■ What you need to do
Every line that holds the word "Edition" needs to be copied from the data below.

[Short web captions]
□ □ □ □ □

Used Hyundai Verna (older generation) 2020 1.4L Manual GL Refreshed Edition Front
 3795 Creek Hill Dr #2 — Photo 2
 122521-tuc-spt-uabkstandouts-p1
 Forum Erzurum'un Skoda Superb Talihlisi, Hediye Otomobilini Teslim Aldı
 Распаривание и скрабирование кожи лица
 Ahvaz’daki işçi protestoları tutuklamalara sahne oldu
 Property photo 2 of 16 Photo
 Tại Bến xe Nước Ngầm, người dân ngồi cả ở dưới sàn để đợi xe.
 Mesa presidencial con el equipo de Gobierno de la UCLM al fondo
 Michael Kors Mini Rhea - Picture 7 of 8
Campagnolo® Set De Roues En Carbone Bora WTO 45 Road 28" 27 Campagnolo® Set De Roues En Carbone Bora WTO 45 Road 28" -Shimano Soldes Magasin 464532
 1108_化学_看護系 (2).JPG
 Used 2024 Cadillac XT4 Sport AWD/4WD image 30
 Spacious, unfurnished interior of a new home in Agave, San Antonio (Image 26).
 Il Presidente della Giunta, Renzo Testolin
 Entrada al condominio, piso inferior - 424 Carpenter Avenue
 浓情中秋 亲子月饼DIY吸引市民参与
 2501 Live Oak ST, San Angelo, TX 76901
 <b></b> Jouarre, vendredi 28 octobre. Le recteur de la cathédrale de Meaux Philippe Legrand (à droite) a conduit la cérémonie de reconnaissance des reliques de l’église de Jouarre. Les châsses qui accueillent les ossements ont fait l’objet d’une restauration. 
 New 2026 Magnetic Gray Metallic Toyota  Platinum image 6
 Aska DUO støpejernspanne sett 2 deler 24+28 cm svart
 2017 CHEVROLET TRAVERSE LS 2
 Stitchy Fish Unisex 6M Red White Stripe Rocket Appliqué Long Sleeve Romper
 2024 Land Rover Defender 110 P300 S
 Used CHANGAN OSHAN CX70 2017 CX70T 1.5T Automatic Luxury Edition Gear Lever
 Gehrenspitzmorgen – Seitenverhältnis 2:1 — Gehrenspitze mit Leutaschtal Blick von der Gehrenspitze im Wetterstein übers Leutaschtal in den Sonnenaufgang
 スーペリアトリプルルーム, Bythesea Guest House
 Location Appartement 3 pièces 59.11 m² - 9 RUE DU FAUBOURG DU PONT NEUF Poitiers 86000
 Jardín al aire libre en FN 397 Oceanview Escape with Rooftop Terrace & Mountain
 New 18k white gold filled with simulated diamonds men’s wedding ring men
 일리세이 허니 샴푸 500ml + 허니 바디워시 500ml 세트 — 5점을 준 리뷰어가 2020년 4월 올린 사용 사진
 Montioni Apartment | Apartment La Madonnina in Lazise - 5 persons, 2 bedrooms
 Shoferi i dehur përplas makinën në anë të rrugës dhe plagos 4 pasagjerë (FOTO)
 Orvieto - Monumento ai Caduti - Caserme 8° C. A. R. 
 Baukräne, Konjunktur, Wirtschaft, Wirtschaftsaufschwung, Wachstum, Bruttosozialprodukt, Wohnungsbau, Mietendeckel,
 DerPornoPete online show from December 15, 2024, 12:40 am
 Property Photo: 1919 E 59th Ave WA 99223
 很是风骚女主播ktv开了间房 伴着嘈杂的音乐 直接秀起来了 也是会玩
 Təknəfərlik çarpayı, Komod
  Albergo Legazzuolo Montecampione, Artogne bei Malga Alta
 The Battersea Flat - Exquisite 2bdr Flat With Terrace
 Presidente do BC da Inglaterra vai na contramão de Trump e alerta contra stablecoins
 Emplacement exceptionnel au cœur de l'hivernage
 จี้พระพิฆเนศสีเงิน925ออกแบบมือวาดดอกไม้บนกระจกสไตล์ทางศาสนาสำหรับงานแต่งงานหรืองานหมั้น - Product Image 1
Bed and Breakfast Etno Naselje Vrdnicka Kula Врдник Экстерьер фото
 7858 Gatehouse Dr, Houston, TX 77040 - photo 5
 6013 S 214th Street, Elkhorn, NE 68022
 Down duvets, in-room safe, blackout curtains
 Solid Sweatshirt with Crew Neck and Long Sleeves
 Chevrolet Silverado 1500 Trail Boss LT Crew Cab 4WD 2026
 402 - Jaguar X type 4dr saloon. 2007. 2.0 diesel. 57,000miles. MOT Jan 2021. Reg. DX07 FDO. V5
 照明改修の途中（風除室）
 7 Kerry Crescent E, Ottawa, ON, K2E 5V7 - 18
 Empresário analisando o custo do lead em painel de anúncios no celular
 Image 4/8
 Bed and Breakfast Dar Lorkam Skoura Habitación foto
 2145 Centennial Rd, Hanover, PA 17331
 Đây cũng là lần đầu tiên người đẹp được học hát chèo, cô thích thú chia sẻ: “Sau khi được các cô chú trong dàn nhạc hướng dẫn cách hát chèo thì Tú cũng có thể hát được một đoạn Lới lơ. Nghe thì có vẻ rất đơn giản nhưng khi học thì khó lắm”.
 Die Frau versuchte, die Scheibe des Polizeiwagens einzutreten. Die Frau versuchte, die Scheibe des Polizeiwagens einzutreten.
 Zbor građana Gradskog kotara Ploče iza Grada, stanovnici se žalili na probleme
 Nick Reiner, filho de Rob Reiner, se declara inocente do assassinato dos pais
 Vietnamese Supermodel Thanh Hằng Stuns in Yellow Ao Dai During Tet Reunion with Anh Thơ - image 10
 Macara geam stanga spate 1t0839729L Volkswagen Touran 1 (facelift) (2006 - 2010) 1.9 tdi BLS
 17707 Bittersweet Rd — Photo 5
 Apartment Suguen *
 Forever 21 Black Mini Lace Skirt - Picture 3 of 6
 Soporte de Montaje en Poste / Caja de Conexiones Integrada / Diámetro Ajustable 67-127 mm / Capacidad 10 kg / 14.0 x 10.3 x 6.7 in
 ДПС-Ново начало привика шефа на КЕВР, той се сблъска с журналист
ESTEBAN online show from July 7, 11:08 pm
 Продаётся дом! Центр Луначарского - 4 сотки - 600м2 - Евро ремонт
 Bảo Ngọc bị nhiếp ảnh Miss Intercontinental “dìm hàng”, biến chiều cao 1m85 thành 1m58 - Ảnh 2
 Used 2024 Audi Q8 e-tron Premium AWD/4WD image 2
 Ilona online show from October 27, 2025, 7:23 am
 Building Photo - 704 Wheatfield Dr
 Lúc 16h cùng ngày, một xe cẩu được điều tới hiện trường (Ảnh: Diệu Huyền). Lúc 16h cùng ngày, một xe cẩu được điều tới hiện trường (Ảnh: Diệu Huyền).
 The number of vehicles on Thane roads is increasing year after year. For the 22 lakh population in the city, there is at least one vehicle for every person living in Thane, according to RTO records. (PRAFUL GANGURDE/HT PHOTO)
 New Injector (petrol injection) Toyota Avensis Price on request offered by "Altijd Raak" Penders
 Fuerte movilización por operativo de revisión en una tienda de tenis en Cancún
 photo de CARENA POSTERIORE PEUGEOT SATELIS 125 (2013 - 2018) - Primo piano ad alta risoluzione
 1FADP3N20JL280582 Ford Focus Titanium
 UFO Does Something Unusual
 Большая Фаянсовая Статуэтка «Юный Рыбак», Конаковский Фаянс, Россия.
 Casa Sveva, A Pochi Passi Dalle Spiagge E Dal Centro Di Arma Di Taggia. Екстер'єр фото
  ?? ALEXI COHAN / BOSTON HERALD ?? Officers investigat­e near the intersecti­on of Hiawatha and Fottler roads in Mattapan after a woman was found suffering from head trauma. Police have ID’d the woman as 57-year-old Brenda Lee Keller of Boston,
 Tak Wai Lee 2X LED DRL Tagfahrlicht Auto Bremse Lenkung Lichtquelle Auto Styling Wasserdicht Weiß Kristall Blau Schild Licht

□ □ □ □ □

■ Exercise answer
Used Hyundai Verna (older generation) 2020 1.4L Manual GL Refreshed Edition Front
 Used CHANGAN OSHAN CX70 2017 CX70T 1.5T Automatic Luxury Edition Gear Lever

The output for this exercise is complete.